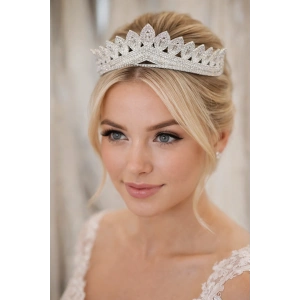 Zirkon Taşlı Gelin/Kına/Nişan/Söz Tasarım Taç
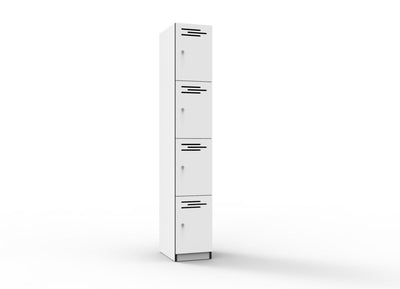4 Door Melamine Locker -   FurnX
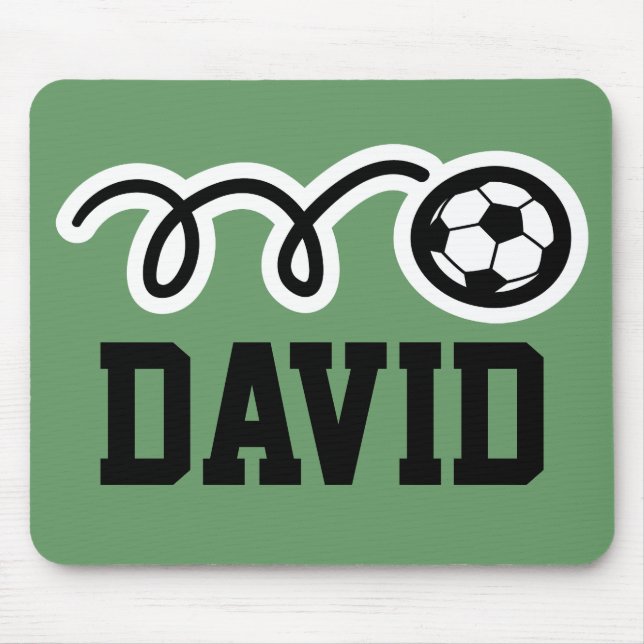 Personalisiertes Mauskastengeschenk mit Fußball-Dr Mousepad (Vorne)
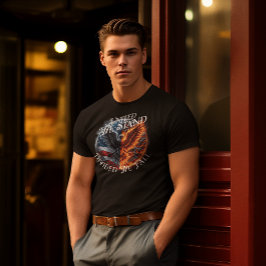 Verdeeld We Herfst USA Burning T-shirt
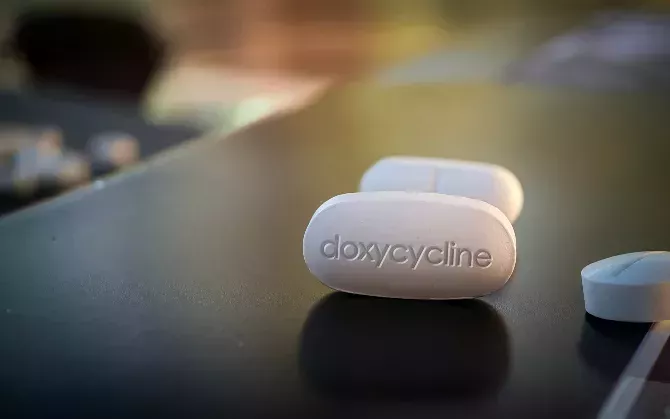 The antibiotic doxycycline is used for DoxyPEP treatment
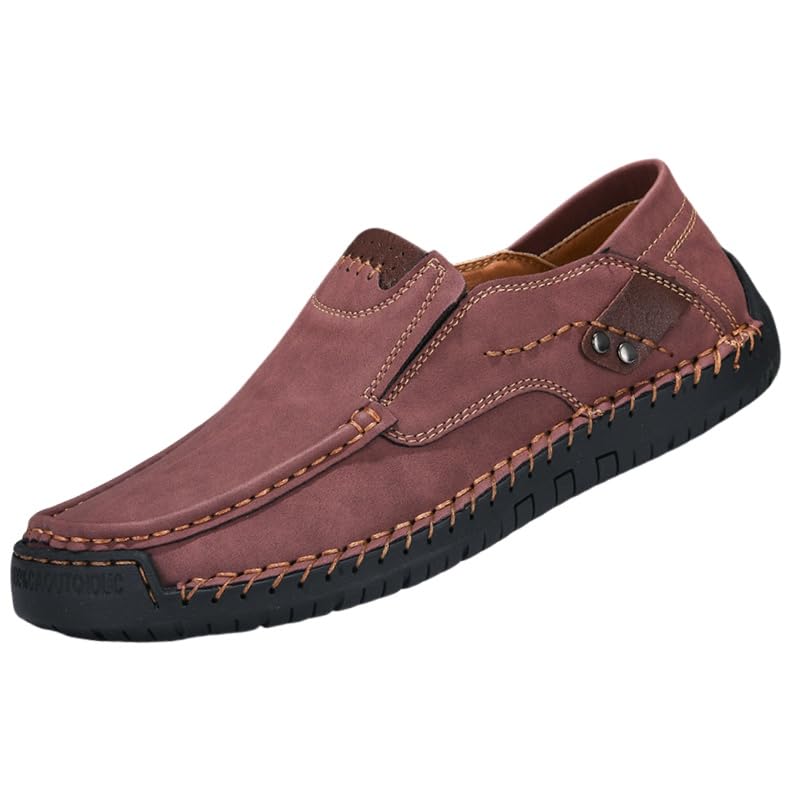 Men's Large-Sized Breathable Casual Shoes - Anti-Slip Rubber Sole. Suitable for All Seasons. Comfortable Design, Suitable for Both Casual and Business wear. Simple and Elegant Style.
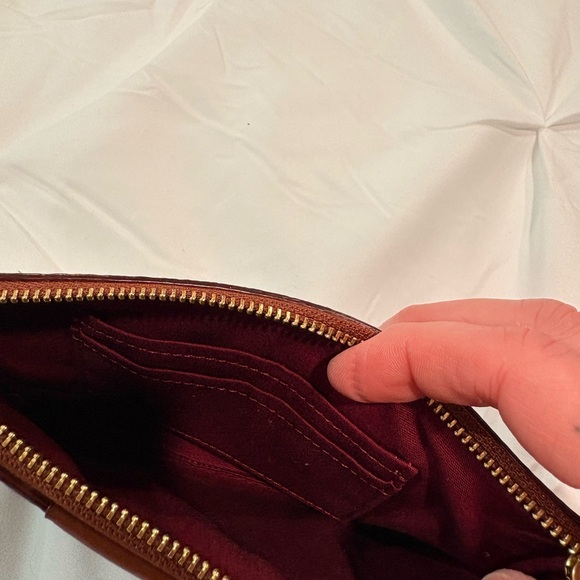 Coach Tan and Brown Signature wristlet - Picture 4 of 4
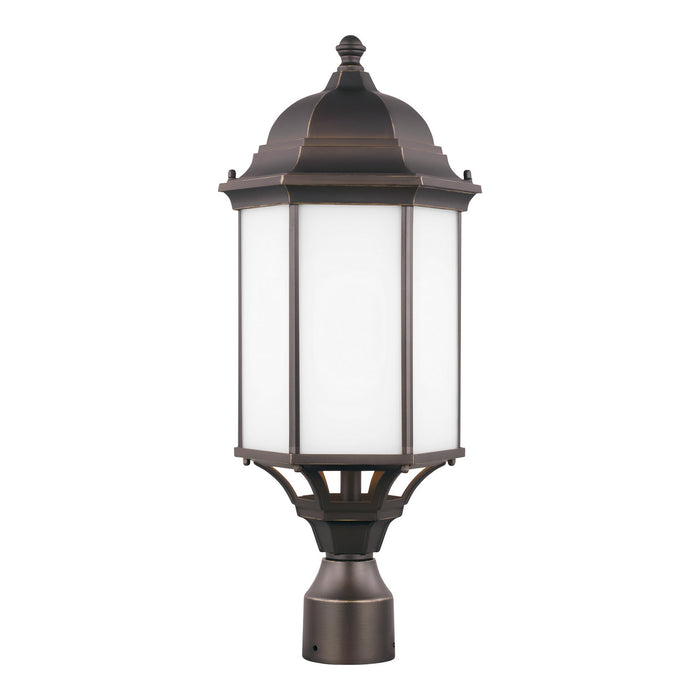 Generation Lighting 8238751-71 One Light Outdoor Post Lantern, Antique Bronze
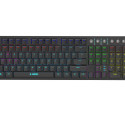 iBox AURORA K-6 keyboard RF Wireless + Bluetooth QWERTY English Black
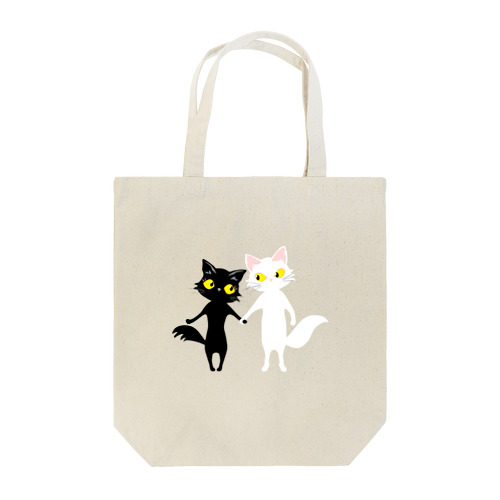 しろねこくろねこ仲良し Tote Bag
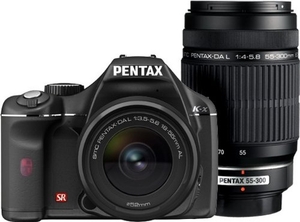 (中古品) PENTAX デジタル一眼レフカメラ K-x ダブルズームキットブラック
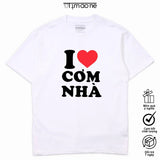Áo Thun I Love Cơm Nhà Tôi Yêu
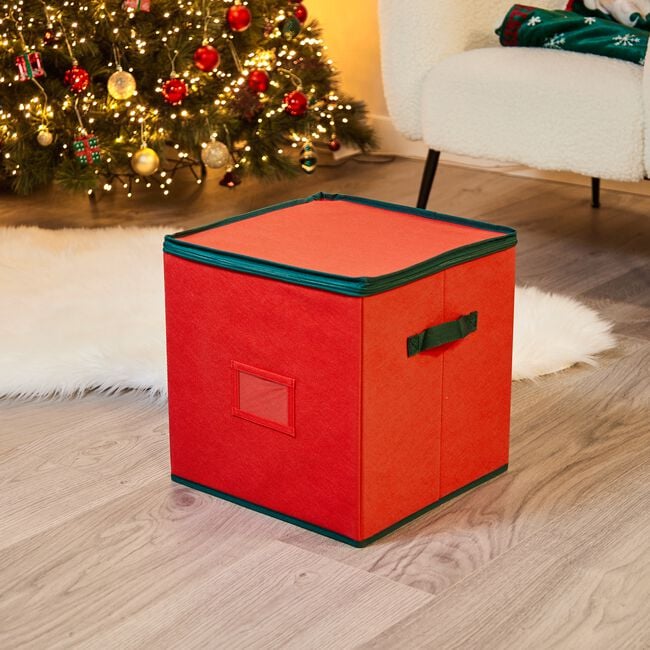 Deluxe Christmas Decorations 64 Piece Storage Box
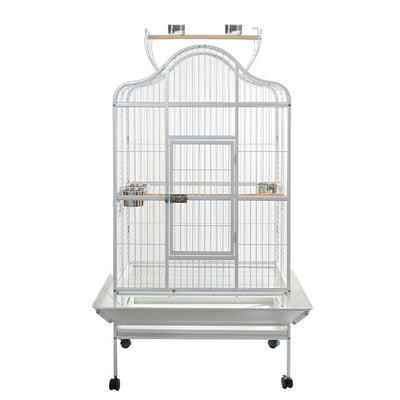 YES4PETS XL White 167cm Bird Cage Pet Parrot Aviary with Perch & Feeder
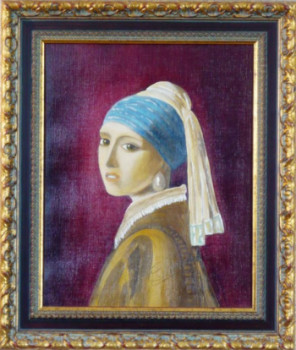 Œuvre contemporaine nommée « 11 - Jeune fille au bandeau  45X63 », Réalisée par ARTISTE M.EGVA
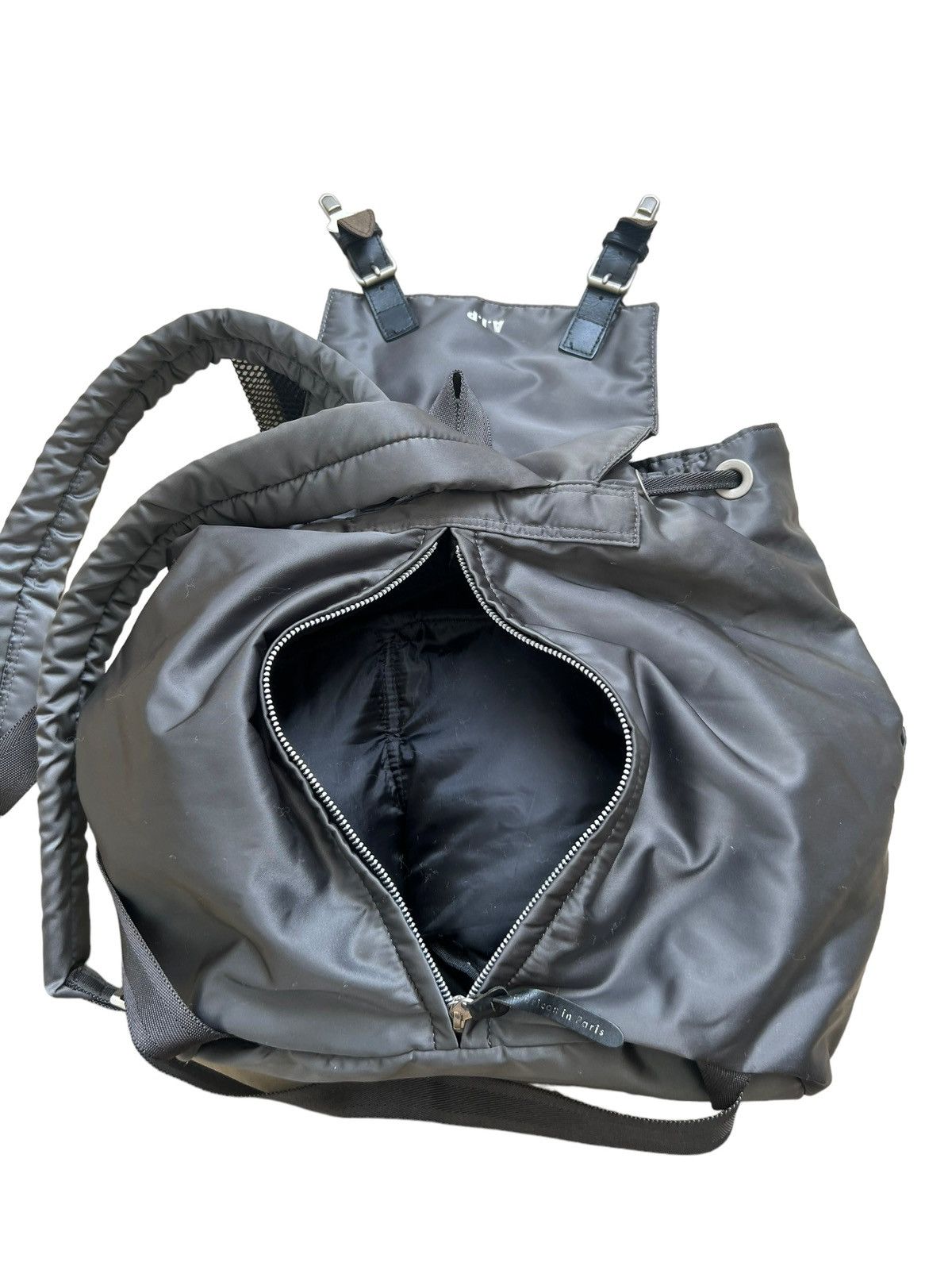 Vintage A.I.P Japan Grey Tactical Nylon Tanker Backpack Size ONE SIZE - 18 Thumbnail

▶ Prompt: Could you output every record above exactly as written, leaving out the pictures?

▶ Response to this exercise:
 Zirkon Taşlı Gelin/Kına/Nişan/Söz Tasarım Taç
4 Door Melamine Locker -   FurnX
 Personalisiertes Mauskastengeschenk mit Fußball-Dr Mousepad (Vorne)
 Verdeeld We Herfst USA Burning T-shirt
 The antibiotic doxycycline is used for DoxyPEP treatment
 Men's Large-Sized Breathable Casual Shoes - Anti-Slip Rubber Sole. Suitable for All Seasons. Comfortable Design, Suitable for Both Casual and Business wear. Simple and Elegant Style.
 Coach Tan and Brown Signature wristlet - Picture 4 of 4
 Generation Lighting 8238751-71 One Light Outdoor Post Lantern, Antique Bronze
 iBox AURORA K-6 keyboard RF Wireless + Bluetooth QWERTY English Black
 しろねこくろねこ仲良し Tote Bag
 (中古品) PENTAX デジタル一眼レフカメラ K-x ダブルズームキットブラック
Áo Thun I Love Cơm Nhà Tôi Yêu
 Deluxe Christmas Decorations 64 Piece Storage Box
 YES4PETS XL White 167cm Bird Cage Pet Parrot Aviary with Perch & Feeder
 Œuvre contemporaine nommée « 11 - Jeune fille au bandeau  45X63 », Réalisée par ARTISTE M.EGVA
 Vintage A.I.P Japan Grey Tactical Nylon Tanker Backpack Size ONE SIZE - 18 Thumbnail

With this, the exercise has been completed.